Not that I’m confident that a long delay would be rejected by the Commons, but it’s no foregone conclusion. Although given the treachery displayed by MPs recently, most of whom are loyal the EU rather than the UK and its people, we’d be right to be worried.
You might think that the Lords are in an easier position, as they’re not subject to democratic votes and so can more easily ignore the people, but in fact the Lords would be in a very precarious position. If the House of Lords votes for a long delay it may have signed its own death warrant. At the very least it could see major reforms coming its way, and quite possibly total abolishment, and replacement by an elected upper chamber.
Another option open to Brexiteers is to vote with Labour in a no-confidence motion, or at least to abstain. Some ERG members have reportedly hinted at that. If the government loses a vote of no-confidence then there is 14 days in which MPs can try to find a majority grouping, otherwise an early election campaign will start after the 14 days.
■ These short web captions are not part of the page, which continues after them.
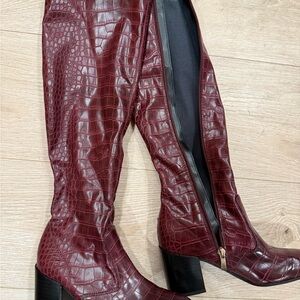 Franco Sarto Burgundy Croc-Embossed Heeled Boots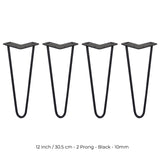 4 x 12" Hairpin Legs - 2 Prong - 10mm - Black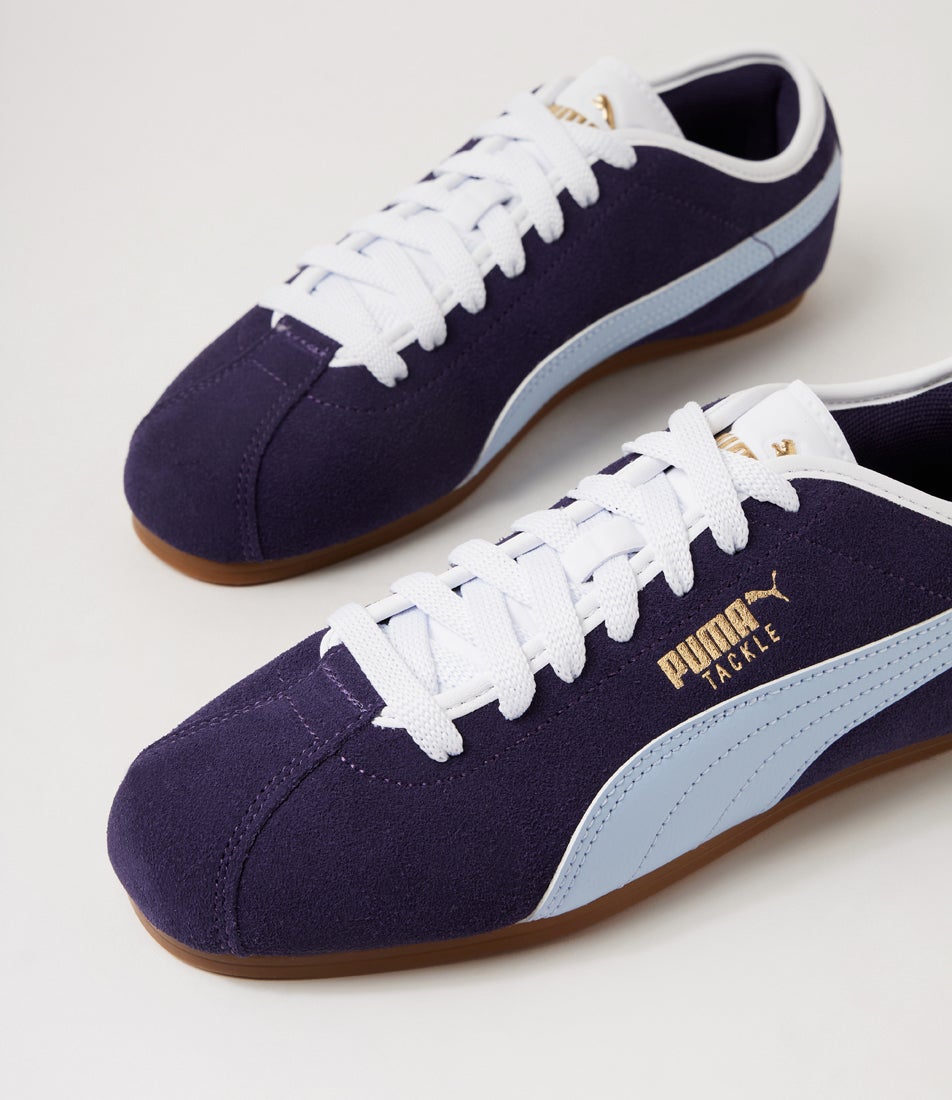 Puma Tackle W Deep Plum Mountain Blue Fabric Sneakers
However, while I previously thought that this was an option that would stop May in her tracks, I now find that this isn’t so:
The Act provides no guidance on what occurs during the 14-day period following an Fixed-term Parliaments Act 2011 no confidence motion being passed. As the Clerk of the House told us, what occurs during this period is a matter politics, and not of procedure. Evidence to this inquiry and the Cabinet Manual set out that the Prime Minister would be expected to continue in office unless someone else could command the confidence of the House. If someone else could command the confidence of the House, the Prime Minster would be expected to resign (p. 3).
So it looks like it isn’t the case that everything would be suspended for 14 days. The PM could still continue to operate during that time unless someone else wins another vote of confidence, and the only person who could possibly win such a vote would be Jeremy Corbyn, and who knows what he would do?
There are also reports that ERG members are threatening to stop voting for government legislation if the PM tried to get the EU to agree a long delay. So that’s another possible tactic.
The final piece of the jigsaw is the public. Will we see some of the threatened direct action, like a lorry blockade, take place, or is that just talk? The more of that sort of thing the better, because it will remind MPs of the anger that is out there at their now-blatant attempts to stop Brexit.
Update: According to Wikipedia there are committees who will look at Statutory Instruments, although I don’t know how much this will delay things for.
There’s also some more on SIs here at the UK Parliament website, but it doesn’t give me a sense of how quickly the government could get the Brexit delay SI through.